Answer 1 · 2024-05-10T23:17:01.000Z

It seems like you are encountering a runtime error in the Informer model while generating predictions, specifically at line 2029 in modeling_informer.py. You have identified that the issue might be related to the shift=1 parameter at line 2020, which could be causing the tensor shapes mismatch.

To address this issue, you can try the following possible solutions:

Change shift=1 at Line 2020 to shift=0:
- Update the shift parameter to 0 at line 2020 in modeling_informer.py. This change may help align tensor shapes correctly during prediction generation.
Adjust repeated_features at Line 2026:
- Instead of using k+1 in line 2026 for repeated_features, you can consider using k to ensure that the tensor shapes are consistent with reshaped_lagged_sequence.
Seek clarification on the author's intent:
- If you are unsure about the author's reasoning behind the shift parameter or the use of k+1, you may want to refer to the documentation or reach out to the author or community for clarification on the intended design and behavior.
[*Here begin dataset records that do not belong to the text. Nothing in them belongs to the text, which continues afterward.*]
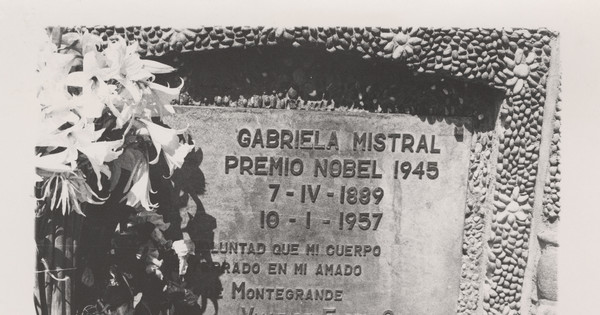 Placa recordatoria en la tumba de Gabriela Mistral, Montegrande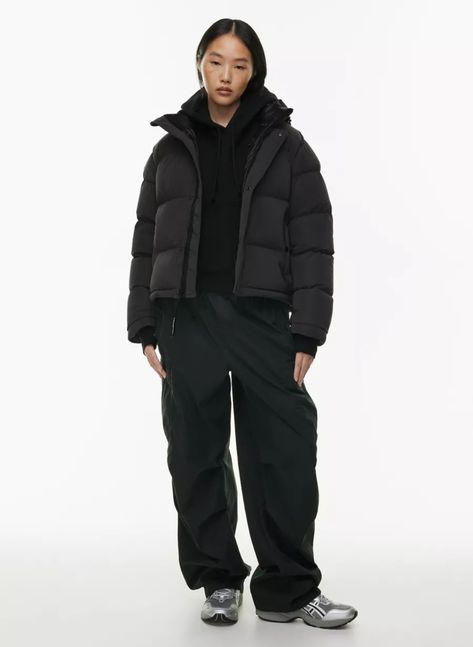 THE SUPER PUFF™ SHORTY | Aritzia Puffer Jacket Aritzia, Aritzia Super Puff Black, Super Puff Outfit, The Super Puff Aritzia, Aritzia Puffer Jacket, Aritzia Super Puff Shorty, Aritzia Puffer, Super Puff Long, Super Puff Shorty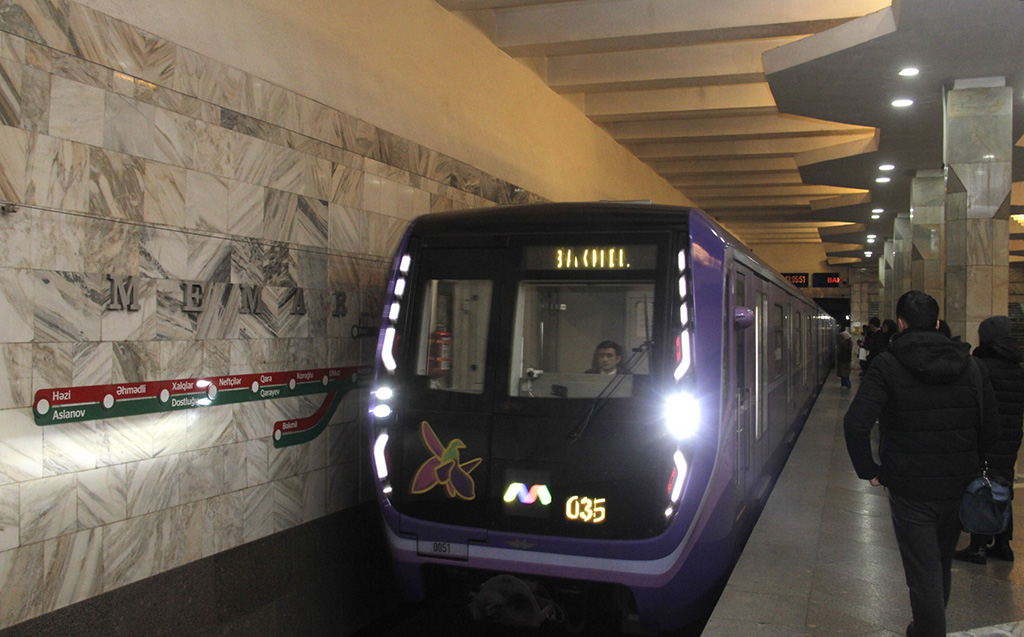 Bakı metrosunda sərnişin öldü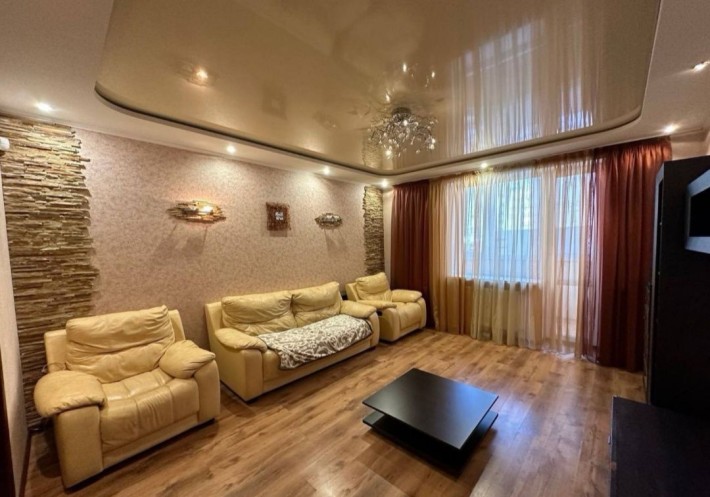 Оренда 2 кімнатної квартири на Поділлі - фото 1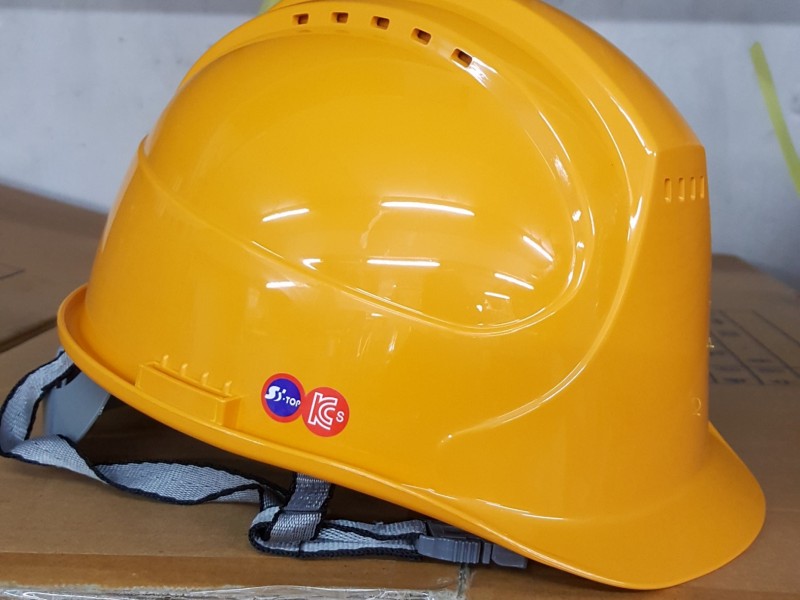S Top #3502 Safety Helmet 透氣安全帽連Y型下巴帶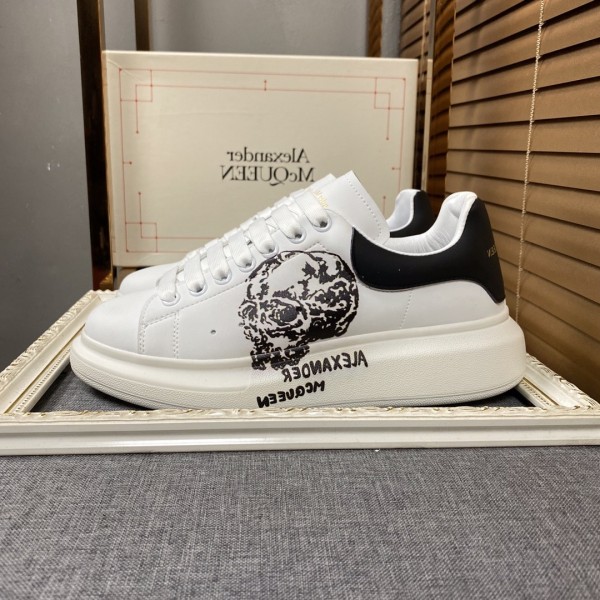 Alexander McQueen 5D Print - Skull Art Oversized Sneaker White Black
By implementing one of these solutions or a combination of them, you may be able to resolve the tensor shape mismatch issue and avoid the RuntimeError during prediction generation in the Informer model. Testing the changes and observing the model's behavior after the adjustments will help confirm if the issue has been effectively addressed.

Answer 2 · 2024-05-10T23:20:04.000Z

In the context of the error you encountered while generating predictions with an Informer model, it seems that the issue may be related to the manipulation of tensor shapes and the specific handling of the "shift" parameter in the code snippet provided.

After reviewing the relevant portion of the code in the Transformers library's modeling_informer.py file and considering the observed error message, it appears that the discrepancy in tensor sizes leading to the RuntimeError could be attributed to the way the "shift" parameter is utilized within the code.

Here are some possible solutions and considerations for addressing this issue:

Investigating the Shift Parameter (shift=1):
- The "shift" parameter in line 2020 of the code snippet you referenced may indeed impact the tensor shapes, potentially causing mismatches in dimension sizes during prediction generation.
- By setting "shift=0" or adjusting the logic related to how the "shift" parameter is utilized, you may align the tensor sizes properly and eliminate the dimension mismatch issue.
Reviewing Tensor Reshaping Logic:
- The reshaping of tensors, specifically concerning the reshaped_lagged_sequence and repeated_features, plays a critical role in maintaining consistent tensor sizes for subsequent operations.
- Ensure that the reshaping logic in lines 2020 and 2026 appropriately handles the dimensions of the tensors involved to prevent size discrepancies.
Author's Intuition on Shift Parameter:
- Understanding the author's intent behind incorporating the "shift" parameter in the code can provide insights into the rationale for using a specific value (such as "shift=1") and its impact on tensor operations.
- Consider revisiting the documentation or comments related to the "shift" parameter within the code to clarify its intended purpose and how it influences tensor manipulations.
Testing and Validation:
- Experiment with different values for the "shift" parameter (e.g., 0, 1) in line 2020 to observe how they affect tensor shapes and the overall prediction generation process.
- Validate the model's behavior and predictions after making adjustments to the "shift" parameter to confirm that the dimension mismatch issue has been resolved.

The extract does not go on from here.